Por Daniel Dutra | Fotos: Divulgação

Se o leitor conferiu a entrevista com Corey Glover, sabe que o escriba aqui não esconde sua paixão pelo Living Colour. Poderia enumerar as razões por que tenho especial carinho pela banda, mas sou obrigado a resumir: é o melhor, mais ousado e mais criativo grupo de rock surgido nos últimos 20 anos. Se ainda assim for necessário um exemplo prático, ouça Collideøscope, o primeiro álbum de estúdio em dez anos, o trabalho que marca a volta depois de cinco anos do anúncio da separação, depois de sete anos sem Glover (vocal), Vernon Reid (guitarra), Will Calhoun (bateria) e Doug Wimbish (baixo) não tocarem juntos.

Mas não daria para saudar a volta do Living Colour com tanto entusiasmo se não fosse a certeza de que a banda continua relevante. Collideøscope ratifica isso não apenas no campo musical, mas também porque os quatro ainda têm algo inteligente a dizer – e isso faz uma tremenda diferença hoje em dia. Obviamente, os atentados terroristas em 11 de setembro exerceram uma forte influência, ainda mais com Glover estando dentro de um avião rumo a Nova York no fatídico dia.


No entanto, não espere encontrar exemplos típicos de um povo que não consegue enxergar além do próprio umbigo. Não, assim como o Queensrÿche em seu último disco, Tribe, o Living Colour expõe os erros de seu próprio país. Com um quê de The Clash – e propositadamente com a produção mais suja do disco –, a ótima Operation: Mind Control coloca o dedo na ferida: “(…) Isso não parece muito com liberdade / É a operação controle da mente / É a batalha pela alma da América / Apenas vista o casaco da conformidade / Enquanto nós o alimentamos com propaganda / Na TV do Estado / Você está 24 horas sob vigilância do satélite espião / Sempre achado pelo olho que tudo vê / Em Deus nós confiamos / E a alma da América (…)”.

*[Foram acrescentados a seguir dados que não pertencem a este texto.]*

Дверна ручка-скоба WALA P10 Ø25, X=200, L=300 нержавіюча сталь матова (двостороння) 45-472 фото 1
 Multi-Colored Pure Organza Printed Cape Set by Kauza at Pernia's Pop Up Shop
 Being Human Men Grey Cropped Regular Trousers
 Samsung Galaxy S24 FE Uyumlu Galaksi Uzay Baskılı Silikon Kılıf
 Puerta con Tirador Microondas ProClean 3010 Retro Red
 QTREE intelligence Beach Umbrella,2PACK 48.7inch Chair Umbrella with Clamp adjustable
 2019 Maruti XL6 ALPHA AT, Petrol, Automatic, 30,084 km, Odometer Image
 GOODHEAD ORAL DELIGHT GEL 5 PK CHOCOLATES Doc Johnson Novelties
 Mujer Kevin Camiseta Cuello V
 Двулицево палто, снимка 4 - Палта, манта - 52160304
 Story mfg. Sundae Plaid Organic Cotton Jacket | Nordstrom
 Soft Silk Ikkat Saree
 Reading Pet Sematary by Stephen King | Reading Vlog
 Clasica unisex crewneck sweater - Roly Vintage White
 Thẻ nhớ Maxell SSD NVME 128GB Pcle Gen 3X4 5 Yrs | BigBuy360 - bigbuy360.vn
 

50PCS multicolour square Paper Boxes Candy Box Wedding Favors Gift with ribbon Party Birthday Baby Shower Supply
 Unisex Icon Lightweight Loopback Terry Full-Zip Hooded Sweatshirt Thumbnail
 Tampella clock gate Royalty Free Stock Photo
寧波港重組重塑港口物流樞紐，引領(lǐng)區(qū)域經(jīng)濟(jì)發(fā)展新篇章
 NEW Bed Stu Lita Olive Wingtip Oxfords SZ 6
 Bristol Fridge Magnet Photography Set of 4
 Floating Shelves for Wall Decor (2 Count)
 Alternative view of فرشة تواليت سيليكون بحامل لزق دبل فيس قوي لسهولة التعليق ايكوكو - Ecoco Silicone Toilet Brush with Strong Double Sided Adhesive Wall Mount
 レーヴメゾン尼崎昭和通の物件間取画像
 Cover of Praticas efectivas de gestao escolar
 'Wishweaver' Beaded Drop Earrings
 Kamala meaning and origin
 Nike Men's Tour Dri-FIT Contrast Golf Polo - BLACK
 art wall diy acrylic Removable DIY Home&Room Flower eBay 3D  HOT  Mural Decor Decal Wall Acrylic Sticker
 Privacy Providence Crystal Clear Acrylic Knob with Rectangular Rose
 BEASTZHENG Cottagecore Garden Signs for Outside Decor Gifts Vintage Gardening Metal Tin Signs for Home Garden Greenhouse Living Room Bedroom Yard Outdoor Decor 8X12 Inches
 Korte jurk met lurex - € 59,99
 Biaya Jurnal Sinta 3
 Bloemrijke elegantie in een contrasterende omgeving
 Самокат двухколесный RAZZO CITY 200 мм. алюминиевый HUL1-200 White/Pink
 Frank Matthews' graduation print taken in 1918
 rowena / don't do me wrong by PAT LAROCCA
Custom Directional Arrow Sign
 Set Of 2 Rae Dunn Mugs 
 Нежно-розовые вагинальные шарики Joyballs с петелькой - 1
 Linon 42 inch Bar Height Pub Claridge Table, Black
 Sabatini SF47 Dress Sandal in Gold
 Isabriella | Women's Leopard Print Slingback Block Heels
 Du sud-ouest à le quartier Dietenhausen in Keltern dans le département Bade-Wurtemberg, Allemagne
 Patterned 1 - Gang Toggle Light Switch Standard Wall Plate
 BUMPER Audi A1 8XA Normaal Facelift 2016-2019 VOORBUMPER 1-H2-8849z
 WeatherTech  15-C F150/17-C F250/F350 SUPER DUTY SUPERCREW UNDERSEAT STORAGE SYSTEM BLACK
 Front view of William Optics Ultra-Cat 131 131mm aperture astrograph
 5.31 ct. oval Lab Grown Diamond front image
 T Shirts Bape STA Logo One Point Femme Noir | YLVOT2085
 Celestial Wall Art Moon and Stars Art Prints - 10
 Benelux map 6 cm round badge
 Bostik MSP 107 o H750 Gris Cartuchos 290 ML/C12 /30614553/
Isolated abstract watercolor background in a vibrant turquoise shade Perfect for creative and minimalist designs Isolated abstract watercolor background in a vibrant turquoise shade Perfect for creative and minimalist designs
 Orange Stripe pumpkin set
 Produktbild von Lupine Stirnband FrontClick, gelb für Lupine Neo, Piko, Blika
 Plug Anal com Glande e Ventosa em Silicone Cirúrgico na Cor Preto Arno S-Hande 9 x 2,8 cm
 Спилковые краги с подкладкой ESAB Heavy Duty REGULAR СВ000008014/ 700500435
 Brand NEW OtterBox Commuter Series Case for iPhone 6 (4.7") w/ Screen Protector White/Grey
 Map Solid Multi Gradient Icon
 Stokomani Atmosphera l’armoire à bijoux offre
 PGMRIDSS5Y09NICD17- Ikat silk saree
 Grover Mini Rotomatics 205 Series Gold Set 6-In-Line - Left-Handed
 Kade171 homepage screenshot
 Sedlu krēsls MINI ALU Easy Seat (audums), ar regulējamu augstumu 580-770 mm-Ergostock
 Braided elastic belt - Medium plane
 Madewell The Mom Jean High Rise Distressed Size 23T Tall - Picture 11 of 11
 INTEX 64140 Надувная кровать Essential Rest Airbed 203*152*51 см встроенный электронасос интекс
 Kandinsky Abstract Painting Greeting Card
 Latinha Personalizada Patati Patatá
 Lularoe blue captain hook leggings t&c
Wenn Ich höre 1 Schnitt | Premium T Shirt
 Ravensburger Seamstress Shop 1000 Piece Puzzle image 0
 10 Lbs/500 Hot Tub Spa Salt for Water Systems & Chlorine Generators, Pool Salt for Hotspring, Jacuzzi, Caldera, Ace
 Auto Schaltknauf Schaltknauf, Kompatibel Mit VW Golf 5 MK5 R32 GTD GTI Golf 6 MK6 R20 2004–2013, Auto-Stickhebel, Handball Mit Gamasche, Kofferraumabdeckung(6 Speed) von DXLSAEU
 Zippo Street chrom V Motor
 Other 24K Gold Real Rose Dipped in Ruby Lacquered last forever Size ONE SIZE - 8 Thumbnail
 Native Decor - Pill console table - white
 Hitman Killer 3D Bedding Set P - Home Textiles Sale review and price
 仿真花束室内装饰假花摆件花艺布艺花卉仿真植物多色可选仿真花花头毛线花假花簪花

Com elementos eletrônicos e muito peso graças à guitarra e a uma ótima linha vocal, In Your Name aponta a falta de sentido em uma guerra. A ? of When – o maior exemplo do casamento perfeito entre música e tema, com uma interpretação nervosa de Glover – questiona as consequências do evento (no encarte, a letra ocupa uma página inteira, vermelha e com um avião ao fundo). Claro, musicalmente Collideøscope é um bálsamo, de Song Without Sin à curta e bela instrumental Nova. Da oportuna regravação de Sacred Ground – uma das quatro músicas (à época) inéditas da coletânea Pride (1995) – ao acento reggae de Nightmare City – felizmente sem a repetitiva (e muito chata) guitarra característica do estilo.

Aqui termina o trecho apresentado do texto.